Supporters of the British vote to leave the European Union (EU) have heralded recent economic indicators as vindication that Brexit will act to catalyse, not sabotage, the UK economy. Before June’s referendum, most economists warned that a Brexit vote would damage economic growth – an argument at the heart of the unsuccessful Remain campaign.
Only time will truly tell whether these fears will ultimately be manifested, but the signs so far are that fears of a full-blown crisis have abated – until now at least. The Prime Minister Theresa May has said she will trigger Article 50, which will begin the Brexit negotiations, before the end of March 2017. This withdrawal from the EU is the legal and political process whereby a member state of the EU exercises its right under the Treaty on European Union (TEU) to cease to be a member of the union.
The next part of the process should take no longer than two years, but the details have never been firmly established and are therefore still vague. While Article 50 is being implemented, the UK would still be bound by EU laws and in the free trade area of the EU ‘single market’, but with no involvement in internal EU discussions or decisions.
What’s fuelling the optimism?
Influential survey figures indicated a recovery in optimism among UK businesses and households.
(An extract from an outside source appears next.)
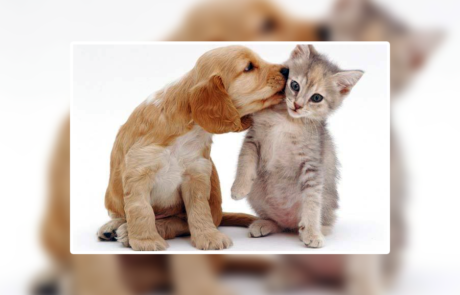 Spend It In Surprise AZ – Purrfurred Pets Veterinary Clinic 3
The monthly Purchasing Managers’ Index figures, which track sentiment to reflect the economic outlook, rebounded after abrupt falls in July immediately following the referendum.
Moreover, official numbers showed UK retail sales were 1.4% higher in July than in June, and orders for manufacturing exports reached a two-year high in August according to a regular survey by the Confederation of British Industry.
The London stock market has also performed strongly since the sharp fall in share prices that immediately followed the referendum result.
Indeed, the benchmark FTSE 100 Index of the largest UK-listed companies rose 6.4% from 23 June (the day of the vote) to the end of August. The FTSE 250 Index, arguably a better bellwether for the UK economy as it comprises more domestic-focused smaller companies, is also up 3% over the same period.
The stock market is not the economy
The outlook for UK-listed companies, as reflected in their share prices, should not necessarily be conflated with that of the British economy. Many international companies based in the UK stand to benefit from a weaker pound – which has fallen considerably against the US dollar and the euro since the Brexit vote – as overseas revenues will be worth more when converted into pounds.
A weaker pound is mixed news
While the fall in the pound’s value should promote exports by making British goods and services cheaper to buyers overseas, it also makes imports more expensive. As well as reducing the purchasing power of British consumers and businesses, more costly imports could push up inflation.
The Bank of England’s active role
In August, the UK’s central bank cut interest rates (for the first time since 2009) to an all-time low of 0.25%. Lower interest rates can help the economy grow by making borrowing cheaper and so encouraging investment and expenditure. The Bank’s response to the Brexit vote, which also includes buying UK government and corporate bonds, was intended to prop up the economy during this period. The positive data may be largely attributable to its actions.